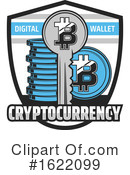 Bitcoin Clipart #1622099 by Vector Tradition SM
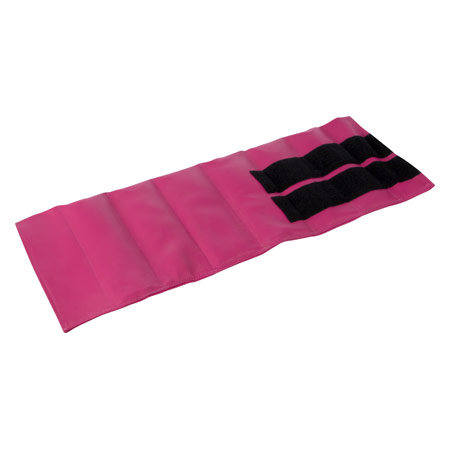 Gewichtsmanschette mit Klettverschluss, 56x20 cm, 3 kg, pink, Stück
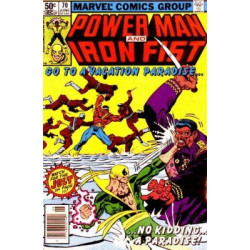 Power Man and Iron Fist Vol. 1 Issue  70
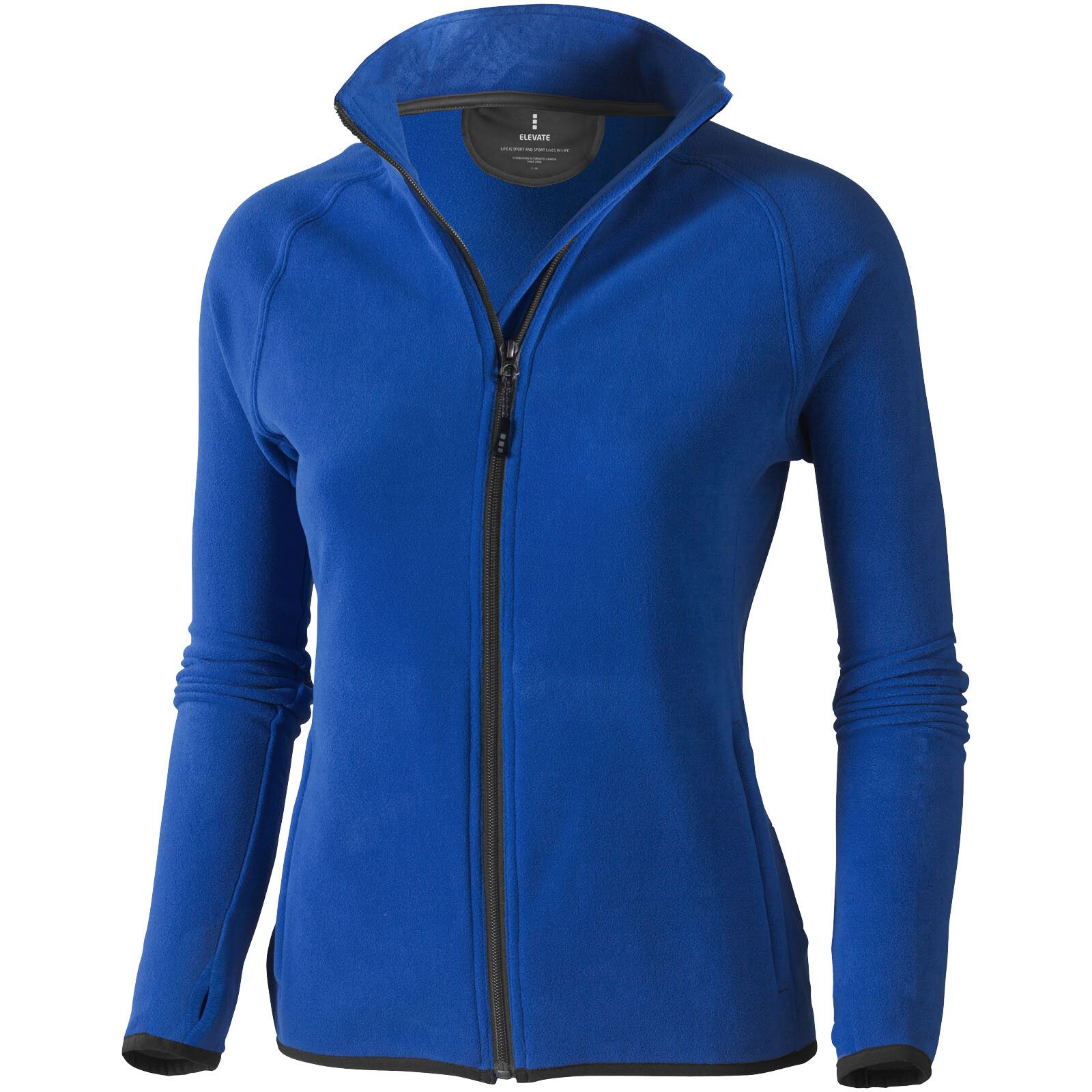 Brossard Fleecejacke für Damen - blau - XL-849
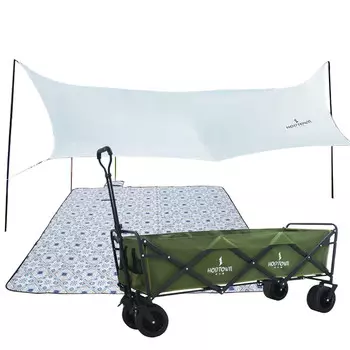 Набор для выбора Ho House Outdoor (верхний навес, складная тележка и коврик для пикника)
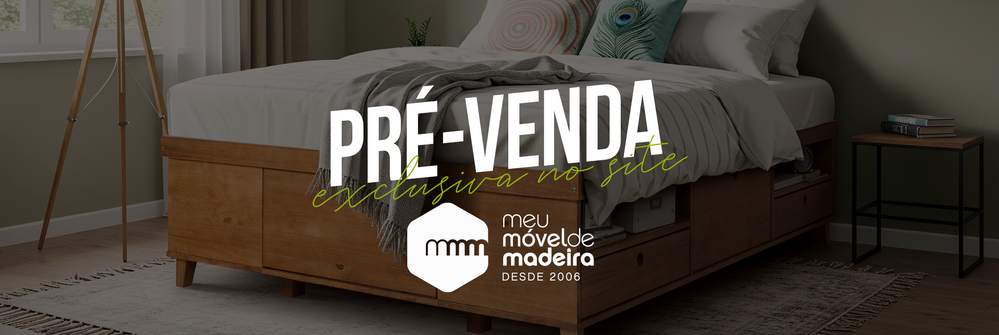 PRE-VENDA MEU MOVEL DE MADEIRA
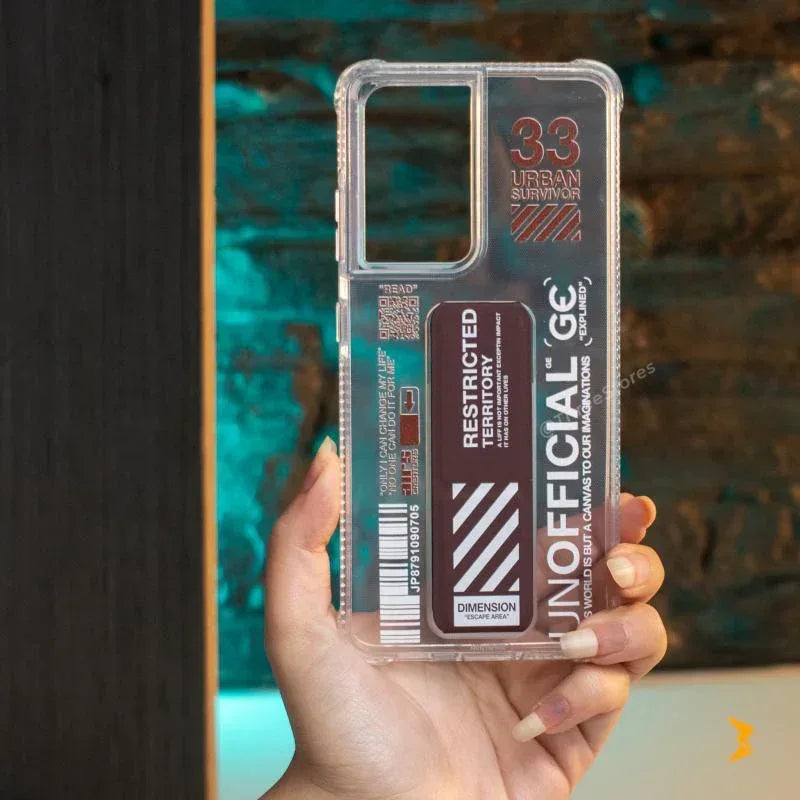 Urban Survivor Case Samsung S21 Ultra - Three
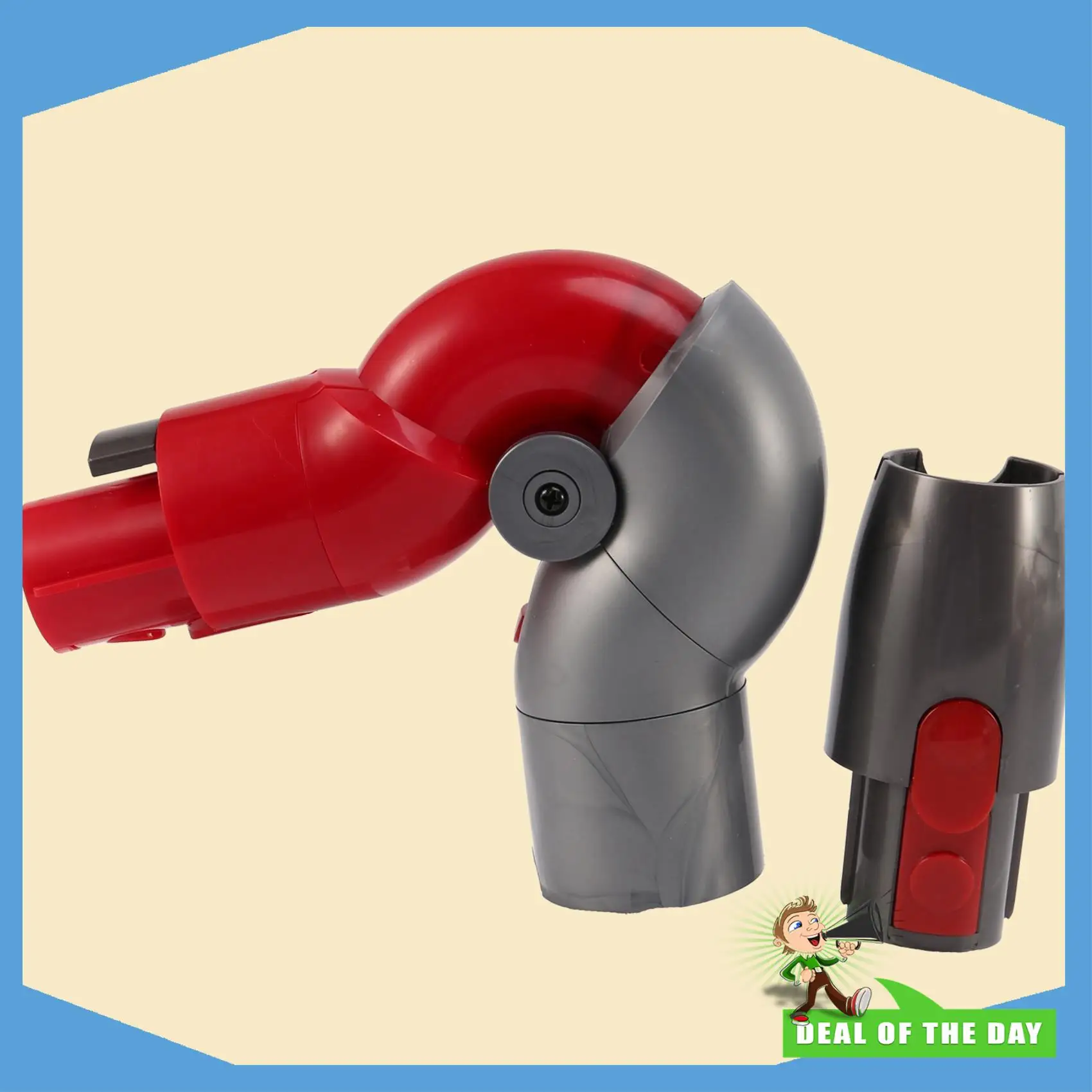 24-Hour Delivery For Dyson V7 V8 V10 V11 Quick Release Top Adaptor Tool Bottom Adapter 967762-01 Replacement Accessories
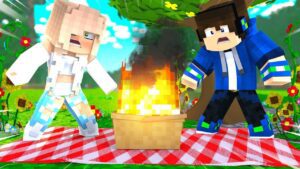 HOW MY DATE WAS RUINED! Fame High EP9 (Minecraft Roleplay) - Gameplay, Kingdom Kids Zone, Minecraft - EYstreem
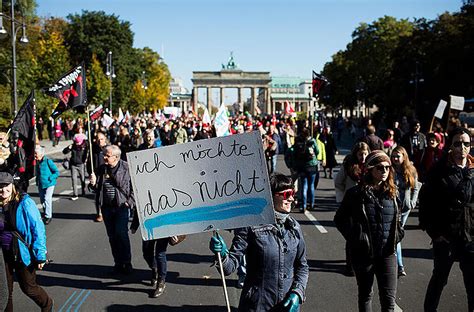 Bilder Menschen Bei Ttip Demo Abendzeitung M Nchen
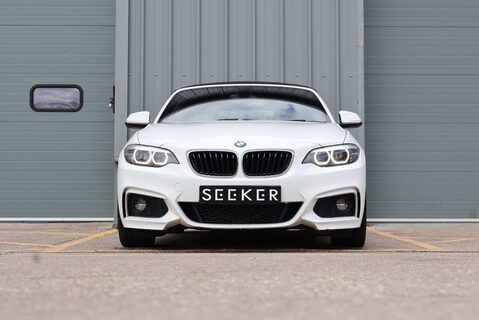 BMW 2 Series 218D M SPORT huge factory spec over 5k factory upgrades recent service  8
###
Set down, in exact form, only the lines that start at the one containing "Urban Survivor Case" and finish at the last line of the material; pictures do not go in.

 Urban Survivor Case Samsung S21 Ultra - Three
 24-Hour Delivery For Dyson V7 V8 V10 V11 Quick Release Top Adaptor Tool Bottom Adapter 967762-01 Replacement Accessories
 HOW MY DATE WAS RUINED! Fame High EP9 (Minecraft Roleplay) - Gameplay, Kingdom Kids Zone, Minecraft - EYstreem
 Bilder Menschen Bei Ttip Demo Abendzeitung M Nchen
 BMW 2 Series 218D M SPORT huge factory spec over 5k factory upgrades recent service  8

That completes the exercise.